The first tee at Ardglass provides one of the finest views in links golf. From the medal tee, the opening shot must fly over a rocky corner of the Irish Sea straight uphill on a diagonal to a bumpy rolling fairway.
Although the hole is listed at a mere 335 yards from the medal tee, the opening shot appears to go on forever. Add in that players must decide how much cliff to scale, and what club to use, and it’s a lot to ponder.
From there, the approach to an elevated green, where little besides the flag can be seen—and Ardglass certainly starts with a major challenge.
The second hole is equally demanding—a 167-yard par-3 across another chasm to a slightly uphill green surrounded by imposing mounds.
But don’t be fooled. After its visually daunting start, the hidden gem on the east coast of Northern Ireland that is Ardglass becomes a fun and beautiful experience.
From the third hole on, the peril decreases. And the views from the high perch of this under-rated layout, which opened in 1896, are breath-taking.
Ardglass is a golf course you may not have heard of. If you’re going to play in Ireland, though, you ought to know Ardglass.
From its ancient clubhouse, whose roots and walls go back to a castle from the 1400s, to its intimidating but stunning first hole to its inviting collection of holes that sit on a plateau above the Irish Sea, Ardglass is a joy. Not far from Royal County Down, it’s a fine test that doesn’t feel obligated to punish every mistake.

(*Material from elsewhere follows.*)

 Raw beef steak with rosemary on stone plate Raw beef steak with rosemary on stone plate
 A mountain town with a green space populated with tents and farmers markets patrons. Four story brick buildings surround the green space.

Here’s a fly-over look at Ardglass, from the course’s website, http://www.ardglassgolfclub.com.
When we arrived at Ardglass for our second round of Irish golf, I was a bit overwhelmed. The Ardglass clubhouse, billed as “undoubtedly the oldest building in the world to be used as a clubhouse,’’ just oozes history.
But that first shot from the medal tees looks so ominous that given my shaky right knee and a back twinge, I was seriously wondering if I’d be able up to the challenge.
After watching strapping young lads launch their tee shots over the rocks with mixed results, though, I saw an older gentleman—one of my vintage—tee off from the green tee. This was still an uphill task, but not nearly as daunting.
I warily eyed the buggy—or electric riding cart, as it known in the States—sitting outside the pro shop. Ordinarily, I consider walking an essential part of the links-golf experience. In three previous trips to the British Isles, I had never taken a buggy. I didn’t even know they were available.
But given my balky knee, the cart looked like an acceptable compromise.
The Ardglass pro, Paul Vaughan, could not have been more encouraging. Soon, Liz and I were standing on the first tee. Swinging easily, I popped a drive right down the middle. Staring up at the first green, tucked between the hills, I hit a clean approach to the back of the green and two-putted for a routine par.
On the second hole, a little hybrid kicked off the hills to the right of the green, to the back fringe, setting up another two-putt par.
This wasn’t so bad for an injured old guy.
The rest of Ardglass was a treat. Tee shots bounced around bumpy fairways, approaches rattled onto greens, putts broke in strange ways.
The start of the back nine, a revamped stretch, was especially interesting. No. 10 and No. 12 are serious downhill par-3s, and No. 11 is a challenging par-5 that falls off to the sea on the right.
All around us, the views were splendid. And the other golfers could not have been more friendly.
On the back nine, we played through a group that included a pair of guys from Rockford, 90 miles northwest of Chicago. They were in County Down for the wedding of a cousin’s daughter, and we shared a few pints in the ancient clubhouse bar after our round.
As we loaded up our car after the round, we talked to a woman who was just heading out to the first tee at 6 p.m.
That’s another appeal of Irish golf. In the summer months, there’s plenty of light to play golf until 10 p.m.
The 18th hole, a downhill par-4 with a severely sloping left-to-right fairway runs adjacent to No. 1. With the town of Ardglass beyond the golf course and clubhouse, it is a scene reminiscent of St. Andrews.
Ardglass is definitely on our play-it-again list. We’ll also try to leave time to explore the quaint little fishing village that is its home.